| Exercise goal |
Scan the records for "Jacket". Report each line that includes it.

** Data follows **

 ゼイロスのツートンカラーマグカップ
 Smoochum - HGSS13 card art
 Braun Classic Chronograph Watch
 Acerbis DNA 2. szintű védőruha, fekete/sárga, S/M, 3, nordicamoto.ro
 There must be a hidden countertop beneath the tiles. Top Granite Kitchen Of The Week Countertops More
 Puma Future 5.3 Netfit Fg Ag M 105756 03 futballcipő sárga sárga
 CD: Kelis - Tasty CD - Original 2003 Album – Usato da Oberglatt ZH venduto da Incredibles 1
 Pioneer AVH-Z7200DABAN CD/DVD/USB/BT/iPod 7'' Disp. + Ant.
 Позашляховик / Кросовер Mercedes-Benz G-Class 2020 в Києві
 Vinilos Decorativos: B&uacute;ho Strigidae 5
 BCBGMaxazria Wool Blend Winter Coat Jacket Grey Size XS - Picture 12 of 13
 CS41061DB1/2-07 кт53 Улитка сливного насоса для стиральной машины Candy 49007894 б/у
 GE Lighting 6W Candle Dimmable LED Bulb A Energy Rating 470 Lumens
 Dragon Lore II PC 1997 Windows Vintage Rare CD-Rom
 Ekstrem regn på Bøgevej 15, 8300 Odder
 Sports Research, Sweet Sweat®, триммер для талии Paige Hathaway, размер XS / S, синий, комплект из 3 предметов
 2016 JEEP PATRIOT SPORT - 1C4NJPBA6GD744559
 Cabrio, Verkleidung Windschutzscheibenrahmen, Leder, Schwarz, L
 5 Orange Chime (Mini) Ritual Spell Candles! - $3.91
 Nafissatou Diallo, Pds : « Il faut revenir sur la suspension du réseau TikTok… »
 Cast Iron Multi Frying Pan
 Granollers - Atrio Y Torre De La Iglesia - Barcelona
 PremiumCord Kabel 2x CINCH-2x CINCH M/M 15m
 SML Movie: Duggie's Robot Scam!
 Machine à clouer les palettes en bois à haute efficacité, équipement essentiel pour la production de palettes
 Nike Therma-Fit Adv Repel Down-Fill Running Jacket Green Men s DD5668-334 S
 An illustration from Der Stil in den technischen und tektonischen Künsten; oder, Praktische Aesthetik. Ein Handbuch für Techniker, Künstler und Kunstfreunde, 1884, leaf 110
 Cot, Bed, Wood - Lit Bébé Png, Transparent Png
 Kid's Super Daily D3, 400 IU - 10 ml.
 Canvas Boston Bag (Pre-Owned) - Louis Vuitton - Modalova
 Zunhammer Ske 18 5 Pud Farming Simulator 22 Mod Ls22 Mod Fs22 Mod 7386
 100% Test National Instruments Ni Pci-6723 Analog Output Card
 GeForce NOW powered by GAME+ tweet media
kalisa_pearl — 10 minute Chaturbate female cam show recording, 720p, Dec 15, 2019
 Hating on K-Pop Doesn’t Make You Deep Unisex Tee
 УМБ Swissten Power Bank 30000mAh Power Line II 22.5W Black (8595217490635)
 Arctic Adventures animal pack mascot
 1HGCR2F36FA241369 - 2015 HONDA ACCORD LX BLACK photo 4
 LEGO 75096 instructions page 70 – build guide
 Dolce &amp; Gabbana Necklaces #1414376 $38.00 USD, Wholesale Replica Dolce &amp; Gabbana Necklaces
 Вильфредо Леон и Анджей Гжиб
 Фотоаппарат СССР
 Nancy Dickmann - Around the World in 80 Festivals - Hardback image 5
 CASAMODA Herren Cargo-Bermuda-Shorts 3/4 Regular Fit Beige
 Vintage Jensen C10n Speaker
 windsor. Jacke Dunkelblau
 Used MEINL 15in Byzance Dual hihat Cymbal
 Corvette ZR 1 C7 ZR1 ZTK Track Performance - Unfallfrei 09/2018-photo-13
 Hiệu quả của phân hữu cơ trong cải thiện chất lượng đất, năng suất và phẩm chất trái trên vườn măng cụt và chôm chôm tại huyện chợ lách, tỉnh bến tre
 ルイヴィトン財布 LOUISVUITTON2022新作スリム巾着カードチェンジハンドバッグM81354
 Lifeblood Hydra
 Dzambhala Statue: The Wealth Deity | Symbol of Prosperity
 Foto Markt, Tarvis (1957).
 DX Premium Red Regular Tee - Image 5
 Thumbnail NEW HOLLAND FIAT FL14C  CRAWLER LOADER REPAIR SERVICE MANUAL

** End of Data **

| Task answer |
 BCBGMaxazria Wool Blend Winter Coat Jacket Grey Size XS - Picture 12 of 13
 Nike Therma-Fit Adv Repel Down-Fill Running Jacket Green Men s DD5668-334 S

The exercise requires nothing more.